Records for this task:

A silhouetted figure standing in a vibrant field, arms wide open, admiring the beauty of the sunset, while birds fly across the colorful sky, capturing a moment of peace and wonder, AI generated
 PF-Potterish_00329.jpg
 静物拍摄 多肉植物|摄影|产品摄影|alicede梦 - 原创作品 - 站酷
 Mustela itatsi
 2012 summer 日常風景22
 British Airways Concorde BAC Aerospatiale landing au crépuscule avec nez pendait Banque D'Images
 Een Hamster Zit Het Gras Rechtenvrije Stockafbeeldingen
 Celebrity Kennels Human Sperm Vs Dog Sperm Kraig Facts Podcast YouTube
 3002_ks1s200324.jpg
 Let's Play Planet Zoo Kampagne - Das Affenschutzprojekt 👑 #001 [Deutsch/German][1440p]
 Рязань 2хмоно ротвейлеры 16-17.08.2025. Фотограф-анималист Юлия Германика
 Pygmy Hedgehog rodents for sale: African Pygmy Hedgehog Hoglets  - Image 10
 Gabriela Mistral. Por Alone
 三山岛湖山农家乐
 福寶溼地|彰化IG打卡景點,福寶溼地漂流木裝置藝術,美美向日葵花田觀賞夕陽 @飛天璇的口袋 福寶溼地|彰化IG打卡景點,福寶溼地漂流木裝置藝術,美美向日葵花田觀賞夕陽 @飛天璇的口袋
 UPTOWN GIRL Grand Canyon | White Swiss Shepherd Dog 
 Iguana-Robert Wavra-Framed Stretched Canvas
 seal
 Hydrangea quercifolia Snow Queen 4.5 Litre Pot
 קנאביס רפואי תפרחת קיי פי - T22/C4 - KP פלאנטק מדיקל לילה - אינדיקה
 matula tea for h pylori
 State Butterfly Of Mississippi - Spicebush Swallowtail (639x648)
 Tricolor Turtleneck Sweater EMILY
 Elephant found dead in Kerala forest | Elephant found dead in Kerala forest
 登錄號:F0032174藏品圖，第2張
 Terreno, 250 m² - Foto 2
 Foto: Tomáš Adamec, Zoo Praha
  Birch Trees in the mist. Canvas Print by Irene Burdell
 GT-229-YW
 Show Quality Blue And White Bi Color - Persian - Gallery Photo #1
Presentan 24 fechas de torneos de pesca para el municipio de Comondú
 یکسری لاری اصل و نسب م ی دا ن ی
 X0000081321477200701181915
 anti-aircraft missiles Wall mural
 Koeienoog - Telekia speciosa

Required work: For this exercise, gather every line of the data that contains the word "White".

Solution to this problem:
 UPTOWN GIRL Grand Canyon | White Swiss Shepherd Dog 
 Show Quality Blue And White Bi Color - Persian - Gallery Photo #1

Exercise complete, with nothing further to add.